The truth, though? Budgeting doesn’t really have to be like that. A budget is just a tool that makes your money work for you. That’s it.
And to show you how easy it is, I thought I would share our monthly budget process.
If you’re just beginning, this process might take you a bit of time – but limit yourself to only one hour, for sanity’s sake (and if you don’t complete it within an hour, come back later and finish it up). If you’ve budgeted in the past, it will probably take you only about 30 minutes to throw this budget together. Once you’ve stuck with it for a few months in a row, it should take you even less time – 20 minutes or so – to set your month up.
Step 1 – Estimate your income
If you’ve been paying even the least amount of attention to your bank account, chances are you have a rough idea of your monthly income. Even if your income varies from week to week, a ballpark amount is likely in your brain. For this exercise, let’s just pick a nice, round number – $3,000. 00.

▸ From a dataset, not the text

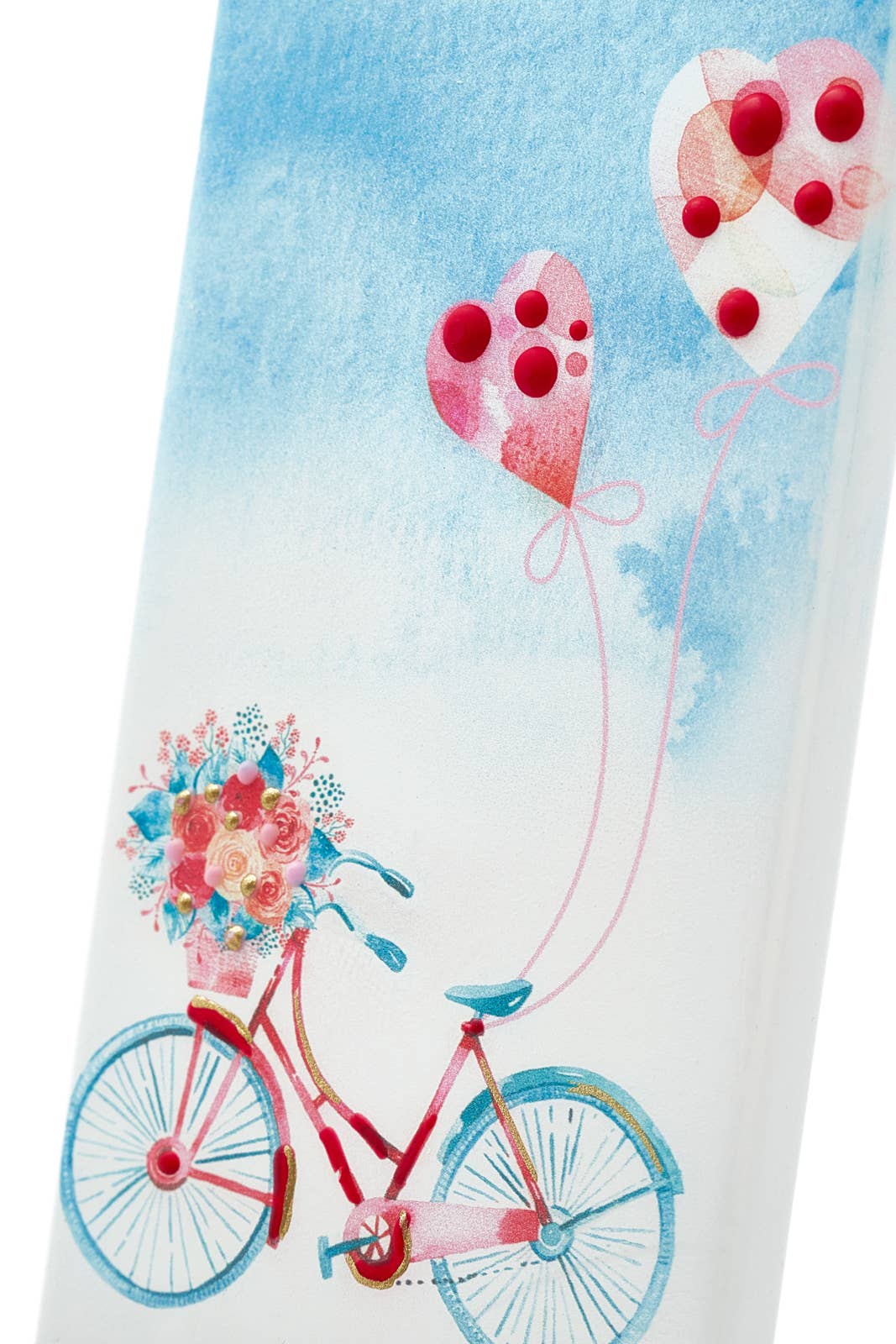 Flatyz Valentine Bike With Heart Balloons Candle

Step 2 – List your fixed expenses
Fixed expenses are normally defined as bills whose amounts don’t change month to month (with a mortgage payment being a great example) but I’m going to widen the definition to include expenses that are “fixed” to your household – meaning, expenses that are absolutely necessary for the running of your household. These would include –
- Mortgage or rent
- All utility bills
- Groceries / eating out (For example, your children may have baseball practice every Wednesday night, making it impossible for you to cook that night. So, plan to eat out every Wednesday and set an estimate for how much it should cost.)
- Automotive expenses, including a small amount for any unforeseen repairs.
- Money toward insurance premiums – take the full amount of your premium, multiply it by .05 to compensate for any increase at the time of renewal, and add that to the premium total. Divide that amount by 12 to see how much you should set aside each month to cover the renewal bill.
- If you have debt, include your debt in this category because it is a necessary expense that you need to make sure you’re able to cover. Estimate this category based on the minimum payments, or the typical payment you seem to apply toward the debt each month (for example, maybe you normally do the minimum plus $25.00). I’ll be covering a budget geared toward paying off debt at a later date.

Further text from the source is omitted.